É também a maior bilheteria de
um filme francês em 20 anos nos
Estados Unidos, onde foi exibido
logo após a tragédia de 11 de setembro, com grande impacto, pelo otimismo e a valorização da vida comum que ele propagandeia.
Onde quer que seja mostrado,
"Amélie" vira uma mania. Os espectadores em geral adoram. A
crítica menos. É um caso perfeito
de indiferença do público pela crítica, e vice-versa.
O que fascina tanto o público
em "Amélie Poulain"? O otimismo, justamente. A simpatia e o
charme da atriz Audrey Tautou,
que faz a personagem-título. A
ambiência lírica de Paris. A adesão do diretor, Jean-Pierre Jeunet,
aos tipos comuns e à vida banal. A
linguagem ágil e truncada, com
muito da velocidade do videoclipe, do desenho animado e da publicidade. O clima de conto-de-fadas contemporâneo. As sucessivas pequenas surpresas que o filme apronta para o espectador, como num jogo humorístico e sentimental. Não acabam os motivos
de fascinação.
"Amélie" é a auto-ajuda consagrada como forma de narrativa cinematográfica. A sua personagem é uma descendente pós-moderna de Polyanna, a famosa personagem do livro de Eleanor Porter que deseja fazer todo mundo
feliz. Como Polyanna, Amélie
descobre um mundo cheio de
gente triste e acabrunhada. Resolve que elas precisam redescobrir a
graça de estarem vivas. Consegue,
por meio de 1.001 estripulias. Ao
contrário de Polyanna, Amélie
age muito e fala pouco.
As suas estripulias consistem
em quebrar a cadeia do hábito a
que os personagens estão presos e
que os impede de descobrir a novidade da vida. Consistem também em devolver a memória de
um belo momento da existência
às pessoas, o que as permite encontrar de novo a capacidade individual de reencantamento.
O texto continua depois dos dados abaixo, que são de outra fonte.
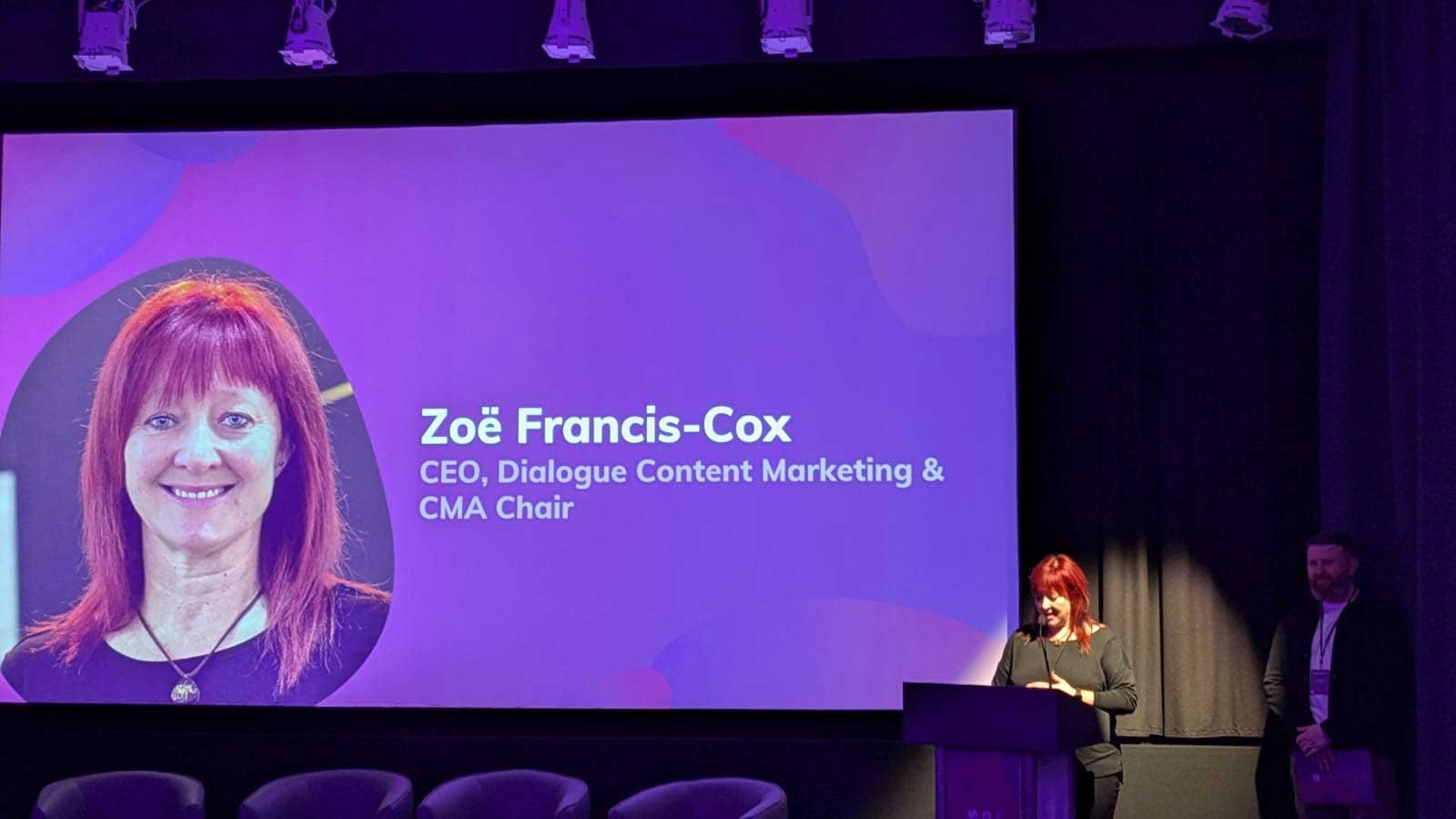 Zoe presenting at the Content Marketing Association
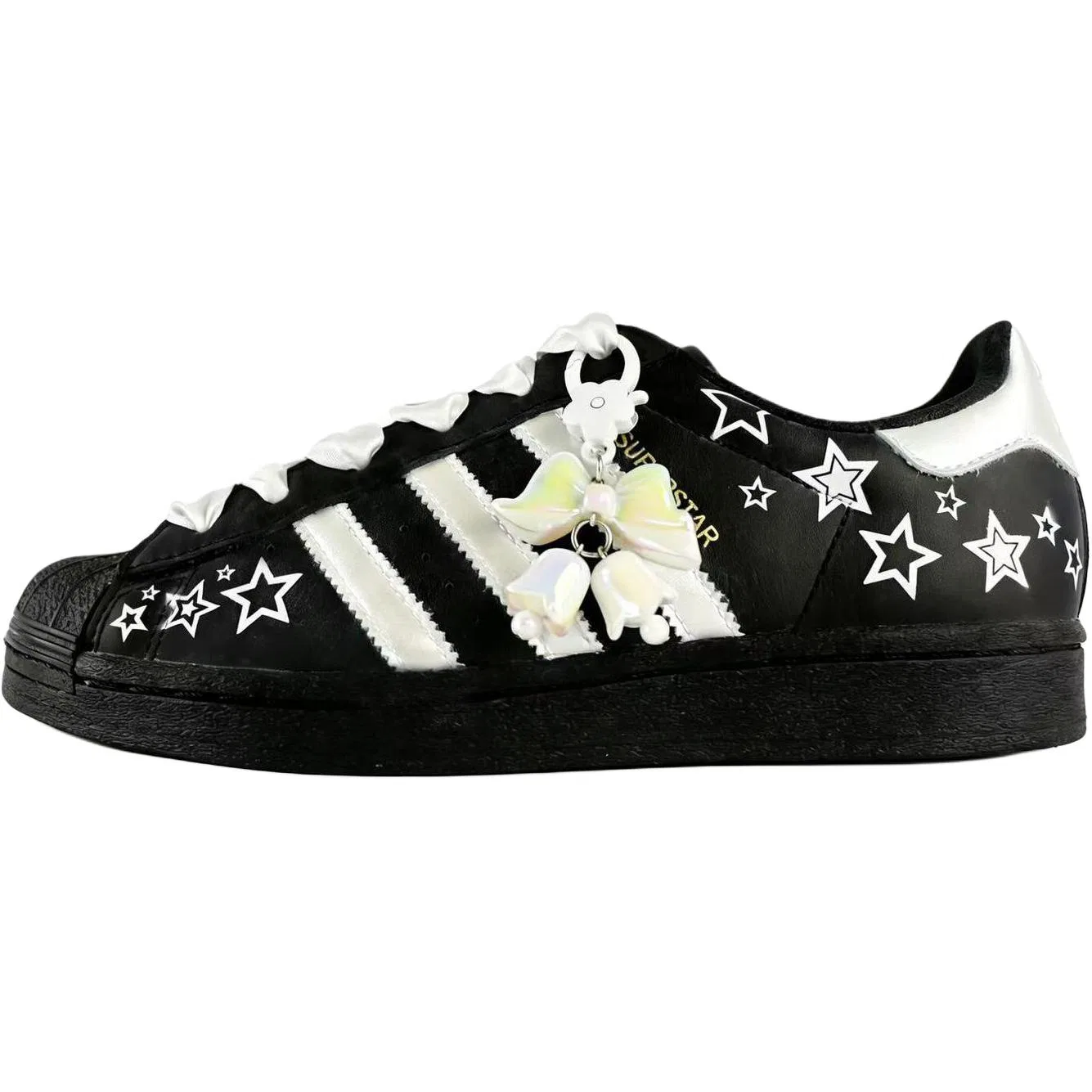 Кроссовки SUPERSTAR Forged Star Love Song из натуральной кожи, низкие, детские, для скейтбординга, черные, унисекс Adidas Originals, Black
A vida corriqueira e habitual entra em choque no filme com a
narrativa de sobressaltos, uma alimentando a outra. Amélie é a
mais comum das personagens,
mas ela tem a capacidade de rearranjar o jogo do destino aparente,
agitando o mundo alheio, em favor do que julga ser a felicidade
prometida. Ela bagunça as peças
para levar a cada um a sua auto-satisfação.
O espectador se rejubila com o
jogo de Amélie contra a mania paralisante das pessoas, contra o fatalismo das coisas e a negatividade do destino. O mundo é bom,
individualmente falando. Cada
pessoa, do fundo de seu anonimato, tem um destino fabuloso, e
não apenas a princesa Diana, cuja
morte é citada no filme. A magia
de Amélie consiste em valorizar o
indivíduo banal num tempo de
fetichização extremada de celebridades.
O mundo não comparece em
"Amélie Poulain" como interrogação nem incômodo, como desafio de algo que lhe seja na verdade estranho e incompreensível.
Os pequenos mistérios da vida
são facilmente solucionados por
uma investigação paranóica, como a de Amélie. O sistema é fechado e joga com a sublimação da
personagem e do espectador, cujo
gozo-recompensa será, naturalmente, o "happy end".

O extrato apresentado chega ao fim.